> [Assignment] Could you set down exactly the lines of the data below, starting at the one that holds "Banner Tote Leather Medium - Deep Luxury" and ending at the one that holds "Derebucak'ta okullara dezenfektan, çocuk", both included, and only those?

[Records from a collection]

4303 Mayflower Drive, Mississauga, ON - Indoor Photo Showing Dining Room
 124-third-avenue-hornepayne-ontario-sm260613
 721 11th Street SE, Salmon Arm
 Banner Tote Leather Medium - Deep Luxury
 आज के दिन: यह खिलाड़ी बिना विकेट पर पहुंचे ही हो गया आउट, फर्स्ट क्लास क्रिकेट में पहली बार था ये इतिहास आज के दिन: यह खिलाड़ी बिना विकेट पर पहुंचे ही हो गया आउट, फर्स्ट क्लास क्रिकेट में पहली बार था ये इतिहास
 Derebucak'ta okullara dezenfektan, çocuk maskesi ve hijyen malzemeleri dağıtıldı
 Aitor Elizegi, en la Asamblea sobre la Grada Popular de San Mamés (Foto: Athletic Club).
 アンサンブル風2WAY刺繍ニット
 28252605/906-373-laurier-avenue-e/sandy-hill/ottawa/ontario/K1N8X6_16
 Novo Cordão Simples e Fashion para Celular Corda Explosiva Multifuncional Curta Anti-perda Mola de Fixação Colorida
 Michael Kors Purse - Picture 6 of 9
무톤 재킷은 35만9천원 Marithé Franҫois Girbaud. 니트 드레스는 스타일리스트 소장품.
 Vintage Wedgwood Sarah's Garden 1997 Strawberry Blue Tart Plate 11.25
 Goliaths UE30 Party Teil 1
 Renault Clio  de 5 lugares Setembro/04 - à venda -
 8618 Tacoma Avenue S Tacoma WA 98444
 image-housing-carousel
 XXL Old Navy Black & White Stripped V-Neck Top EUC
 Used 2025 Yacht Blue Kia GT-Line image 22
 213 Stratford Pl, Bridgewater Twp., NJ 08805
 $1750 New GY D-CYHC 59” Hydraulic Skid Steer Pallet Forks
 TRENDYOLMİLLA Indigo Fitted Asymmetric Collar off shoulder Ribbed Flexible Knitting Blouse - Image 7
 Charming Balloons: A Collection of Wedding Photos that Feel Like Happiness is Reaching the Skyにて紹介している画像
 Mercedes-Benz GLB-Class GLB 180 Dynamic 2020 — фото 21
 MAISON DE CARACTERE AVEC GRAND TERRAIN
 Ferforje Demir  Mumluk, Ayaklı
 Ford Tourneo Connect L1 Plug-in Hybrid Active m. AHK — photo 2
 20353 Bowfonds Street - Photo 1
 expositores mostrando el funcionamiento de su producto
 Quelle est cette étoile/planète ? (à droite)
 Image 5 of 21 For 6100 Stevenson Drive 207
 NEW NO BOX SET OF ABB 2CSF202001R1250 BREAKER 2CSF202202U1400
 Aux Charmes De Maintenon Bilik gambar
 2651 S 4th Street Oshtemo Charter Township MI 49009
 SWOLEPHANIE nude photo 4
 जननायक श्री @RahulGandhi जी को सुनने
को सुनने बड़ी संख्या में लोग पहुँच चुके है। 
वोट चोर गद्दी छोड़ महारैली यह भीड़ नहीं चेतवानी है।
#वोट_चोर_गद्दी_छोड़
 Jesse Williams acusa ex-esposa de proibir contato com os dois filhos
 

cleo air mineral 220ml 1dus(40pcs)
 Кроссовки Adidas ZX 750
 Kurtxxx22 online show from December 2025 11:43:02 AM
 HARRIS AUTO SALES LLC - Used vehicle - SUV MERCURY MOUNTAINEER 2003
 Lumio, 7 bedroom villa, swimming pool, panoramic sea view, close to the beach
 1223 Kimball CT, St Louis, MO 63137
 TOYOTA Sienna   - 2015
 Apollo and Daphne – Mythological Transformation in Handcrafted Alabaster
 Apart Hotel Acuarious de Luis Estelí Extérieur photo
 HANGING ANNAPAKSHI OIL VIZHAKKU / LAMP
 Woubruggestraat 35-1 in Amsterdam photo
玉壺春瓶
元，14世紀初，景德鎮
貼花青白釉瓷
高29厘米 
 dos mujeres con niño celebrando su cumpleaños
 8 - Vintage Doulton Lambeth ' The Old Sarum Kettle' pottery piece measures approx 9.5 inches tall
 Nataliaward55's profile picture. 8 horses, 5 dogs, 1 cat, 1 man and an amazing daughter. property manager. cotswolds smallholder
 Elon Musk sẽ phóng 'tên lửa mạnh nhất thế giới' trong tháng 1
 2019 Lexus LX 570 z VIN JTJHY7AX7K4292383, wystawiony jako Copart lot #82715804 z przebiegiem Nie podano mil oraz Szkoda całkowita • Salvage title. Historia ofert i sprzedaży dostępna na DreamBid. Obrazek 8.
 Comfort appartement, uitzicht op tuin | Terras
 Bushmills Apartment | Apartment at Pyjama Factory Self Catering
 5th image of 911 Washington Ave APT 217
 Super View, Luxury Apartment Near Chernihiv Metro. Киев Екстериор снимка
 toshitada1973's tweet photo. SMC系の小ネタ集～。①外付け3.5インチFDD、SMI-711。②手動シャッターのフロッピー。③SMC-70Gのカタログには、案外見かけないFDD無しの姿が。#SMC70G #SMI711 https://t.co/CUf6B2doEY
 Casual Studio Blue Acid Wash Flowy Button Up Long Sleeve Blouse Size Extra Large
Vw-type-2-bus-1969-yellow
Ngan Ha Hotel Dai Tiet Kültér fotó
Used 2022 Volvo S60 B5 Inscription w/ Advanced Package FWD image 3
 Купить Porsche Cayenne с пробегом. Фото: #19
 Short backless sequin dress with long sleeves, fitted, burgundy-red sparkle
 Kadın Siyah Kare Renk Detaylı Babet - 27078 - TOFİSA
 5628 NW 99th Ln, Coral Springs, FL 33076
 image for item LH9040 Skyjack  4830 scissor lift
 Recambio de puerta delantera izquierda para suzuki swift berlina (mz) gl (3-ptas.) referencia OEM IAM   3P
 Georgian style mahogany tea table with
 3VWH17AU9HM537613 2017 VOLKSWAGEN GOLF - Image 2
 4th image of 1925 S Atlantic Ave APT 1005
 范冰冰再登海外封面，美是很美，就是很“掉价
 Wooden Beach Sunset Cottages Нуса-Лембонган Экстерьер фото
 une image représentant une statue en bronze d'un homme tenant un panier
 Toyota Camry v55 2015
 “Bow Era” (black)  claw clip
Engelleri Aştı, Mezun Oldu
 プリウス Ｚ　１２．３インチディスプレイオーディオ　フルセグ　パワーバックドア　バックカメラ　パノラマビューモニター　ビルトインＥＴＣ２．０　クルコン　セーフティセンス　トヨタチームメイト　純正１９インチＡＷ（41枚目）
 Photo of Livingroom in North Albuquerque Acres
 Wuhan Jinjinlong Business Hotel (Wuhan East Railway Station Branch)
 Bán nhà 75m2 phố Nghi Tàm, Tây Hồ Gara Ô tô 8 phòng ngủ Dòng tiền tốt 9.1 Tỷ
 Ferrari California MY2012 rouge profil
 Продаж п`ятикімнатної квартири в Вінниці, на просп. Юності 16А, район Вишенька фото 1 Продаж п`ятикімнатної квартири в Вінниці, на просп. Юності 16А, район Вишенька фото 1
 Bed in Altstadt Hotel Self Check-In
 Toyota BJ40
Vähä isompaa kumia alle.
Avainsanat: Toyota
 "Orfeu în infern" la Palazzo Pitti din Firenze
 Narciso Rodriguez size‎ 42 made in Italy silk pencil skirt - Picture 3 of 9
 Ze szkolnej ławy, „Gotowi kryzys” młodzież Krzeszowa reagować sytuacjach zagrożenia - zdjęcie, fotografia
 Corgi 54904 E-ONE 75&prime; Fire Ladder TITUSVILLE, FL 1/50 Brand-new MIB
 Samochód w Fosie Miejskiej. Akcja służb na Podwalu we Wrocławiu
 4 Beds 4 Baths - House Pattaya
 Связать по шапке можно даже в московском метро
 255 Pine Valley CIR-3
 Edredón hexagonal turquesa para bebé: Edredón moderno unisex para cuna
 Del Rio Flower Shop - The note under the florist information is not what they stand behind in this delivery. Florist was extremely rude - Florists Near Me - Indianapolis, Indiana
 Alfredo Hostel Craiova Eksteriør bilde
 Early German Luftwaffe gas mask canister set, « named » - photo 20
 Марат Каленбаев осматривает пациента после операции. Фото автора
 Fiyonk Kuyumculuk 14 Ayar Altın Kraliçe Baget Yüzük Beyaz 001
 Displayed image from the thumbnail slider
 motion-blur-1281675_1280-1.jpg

> [Completed task]
 Banner Tote Leather Medium - Deep Luxury
 आज के दिन: यह खिलाड़ी बिना विकेट पर पहुंचे ही हो गया आउट, फर्स्ट क्लास क्रिकेट में पहली बार था ये इतिहास आज के दिन: यह खिलाड़ी बिना विकेट पर पहुंचे ही हो गया आउट, फर्स्ट क्लास क्रिकेट में पहली बार था ये इतिहास
 Derebucak'ta okullara dezenfektan, çocuk maskesi ve hijyen malzemeleri dağıtıldı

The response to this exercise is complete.